**Exercise details:**
The expected output is a copy of every line in the records with the string "Gluten".
-- Records for the task follows --
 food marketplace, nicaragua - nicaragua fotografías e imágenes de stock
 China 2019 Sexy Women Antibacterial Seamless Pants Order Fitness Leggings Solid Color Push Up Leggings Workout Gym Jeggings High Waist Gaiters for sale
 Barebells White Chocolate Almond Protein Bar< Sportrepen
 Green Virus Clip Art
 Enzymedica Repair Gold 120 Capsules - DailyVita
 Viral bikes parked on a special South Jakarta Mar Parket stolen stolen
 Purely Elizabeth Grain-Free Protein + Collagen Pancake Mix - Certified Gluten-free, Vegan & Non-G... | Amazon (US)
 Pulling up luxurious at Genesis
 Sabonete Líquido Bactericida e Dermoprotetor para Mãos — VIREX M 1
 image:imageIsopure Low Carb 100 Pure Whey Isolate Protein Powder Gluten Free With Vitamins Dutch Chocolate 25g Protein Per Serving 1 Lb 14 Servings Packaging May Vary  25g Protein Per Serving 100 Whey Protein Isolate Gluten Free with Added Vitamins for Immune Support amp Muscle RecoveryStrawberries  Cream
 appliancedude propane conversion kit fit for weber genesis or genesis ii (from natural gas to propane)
-- Records for the task concluded --
-- Records for the task follows --
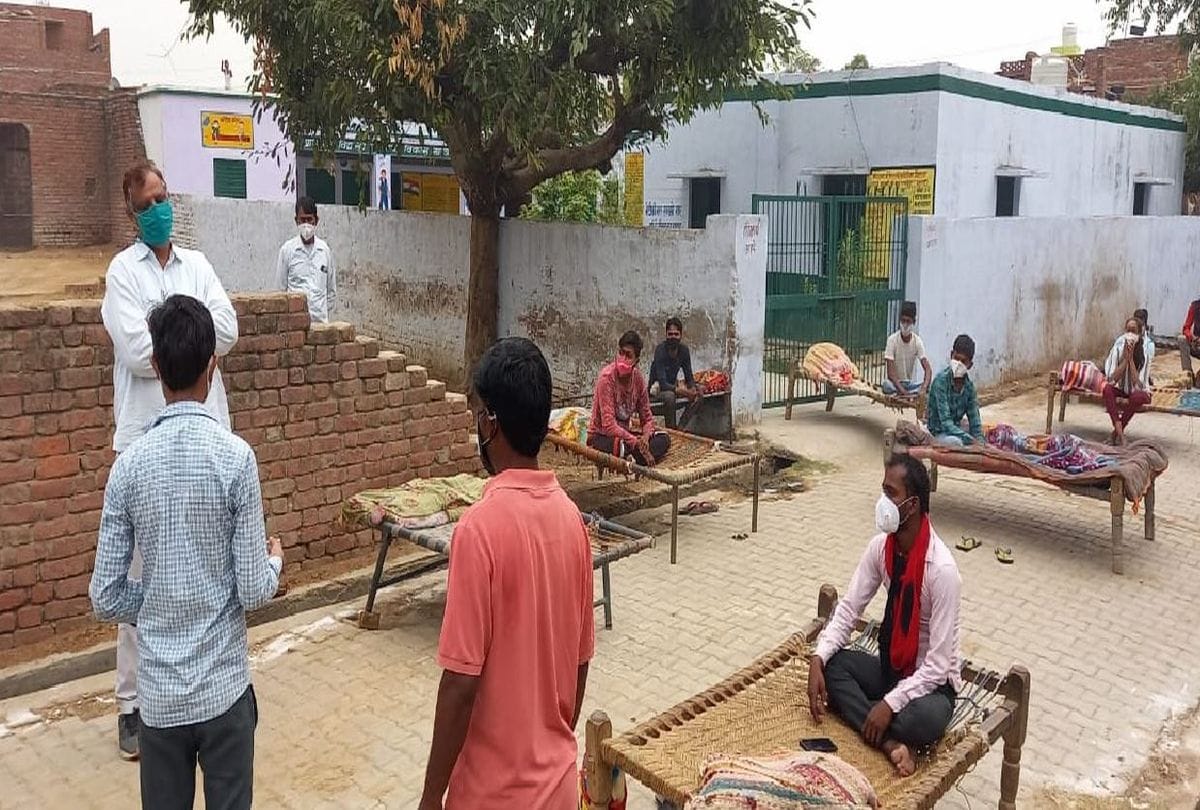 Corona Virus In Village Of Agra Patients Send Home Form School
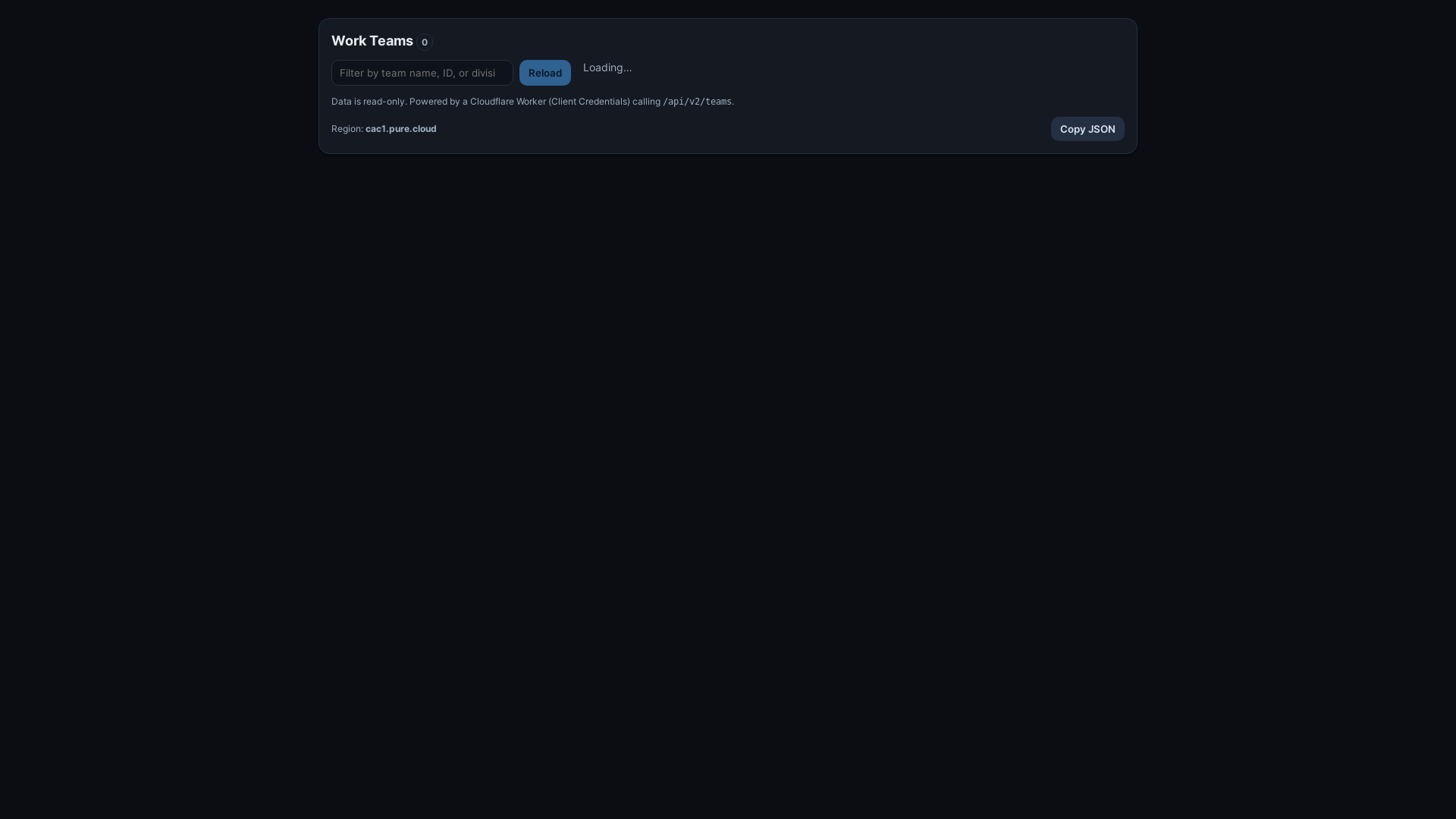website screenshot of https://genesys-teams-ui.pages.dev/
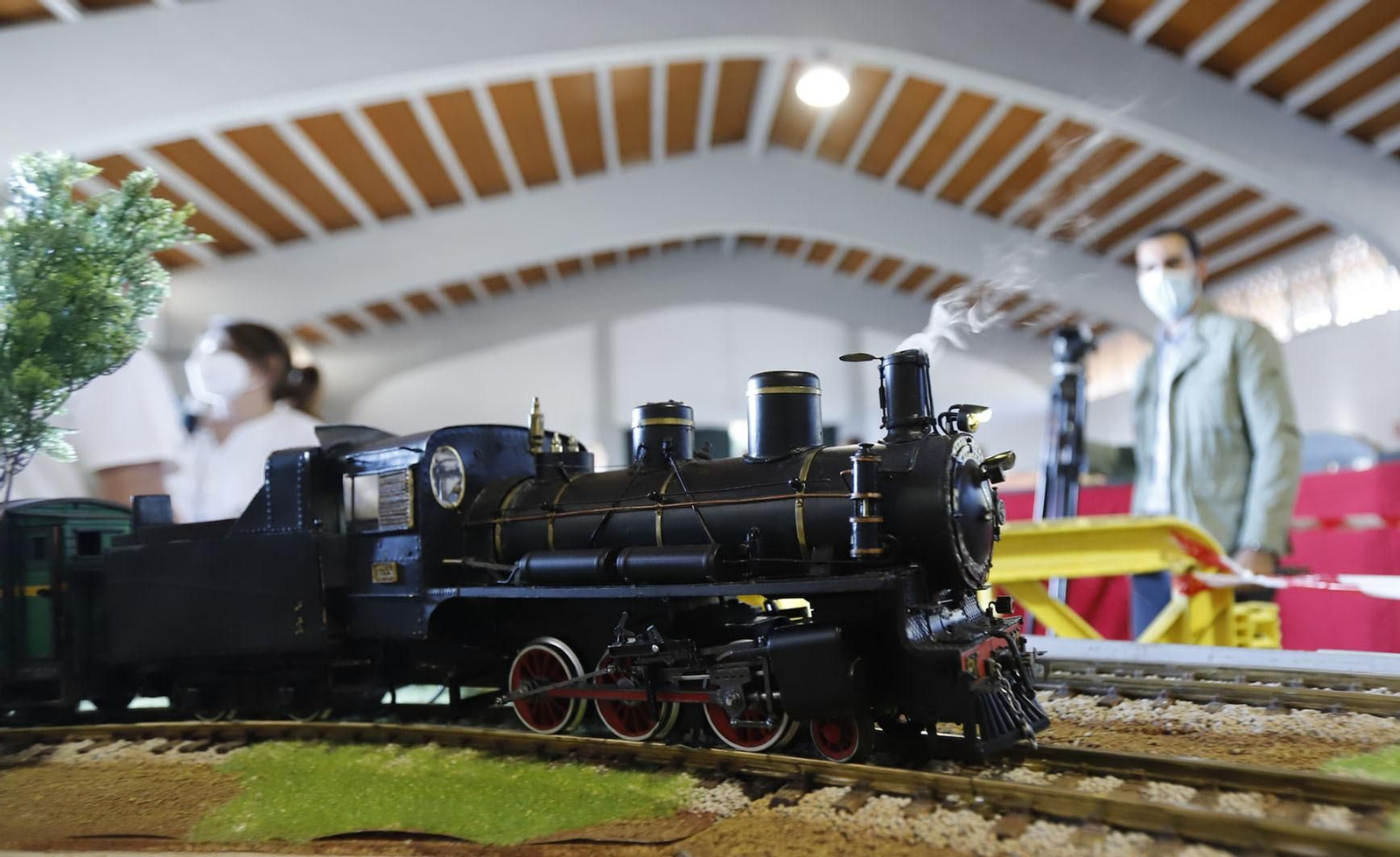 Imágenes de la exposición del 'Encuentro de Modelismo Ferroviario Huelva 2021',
-- Records for the task concluded --
-- Records for the task follows --
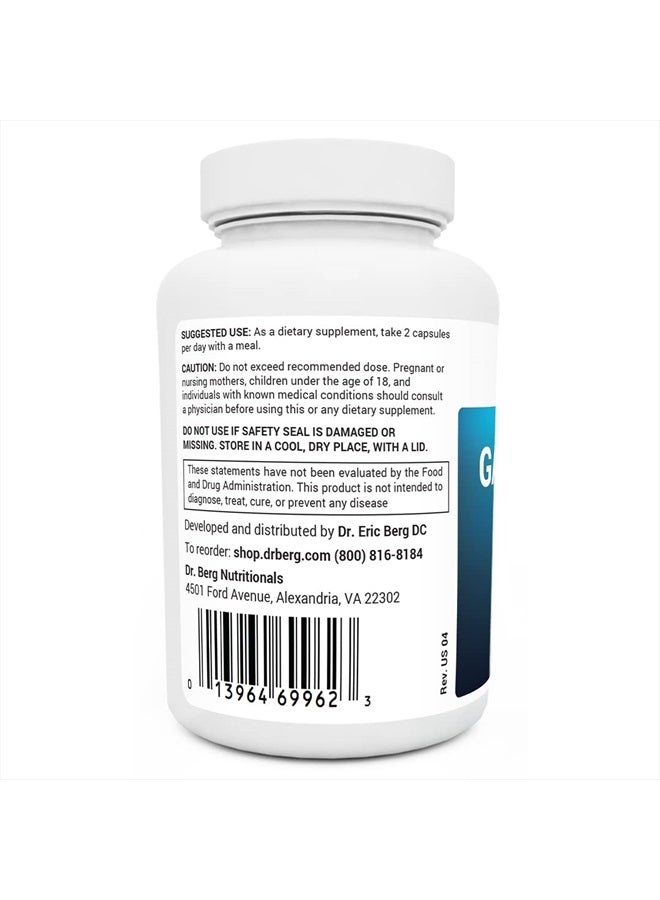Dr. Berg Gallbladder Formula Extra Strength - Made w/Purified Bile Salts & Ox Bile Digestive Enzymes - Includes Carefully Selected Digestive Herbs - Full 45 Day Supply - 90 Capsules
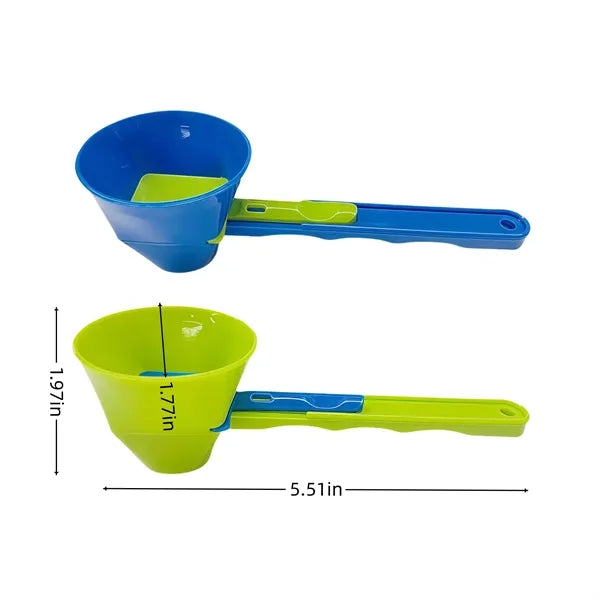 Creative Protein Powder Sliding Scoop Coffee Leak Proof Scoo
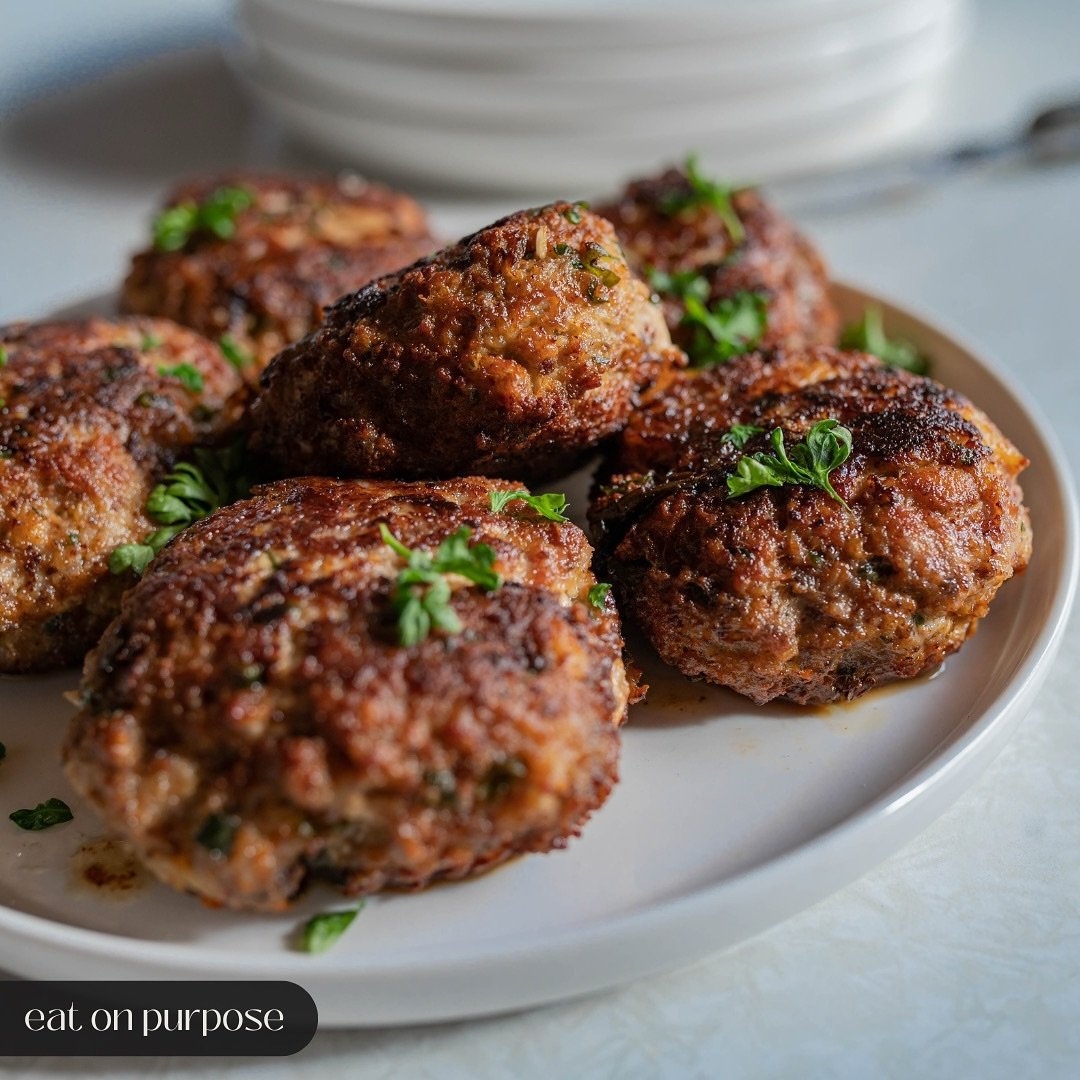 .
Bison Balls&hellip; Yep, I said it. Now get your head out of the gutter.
-- Records for the task concluded --
**Response below:**
 Purely Elizabeth Grain-Free Protein + Collagen Pancake Mix - Certified Gluten-free, Vegan & Non-G... | Amazon (US)
 image:imageIsopure Low Carb 100 Pure Whey Isolate Protein Powder Gluten Free With Vitamins Dutch Chocolate 25g Protein Per Serving 1 Lb 14 Servings Packaging May Vary  25g Protein Per Serving 100 Whey Protein Isolate Gluten Free with Added Vitamins for Immune Support amp Muscle RecoveryStrawberries  Cream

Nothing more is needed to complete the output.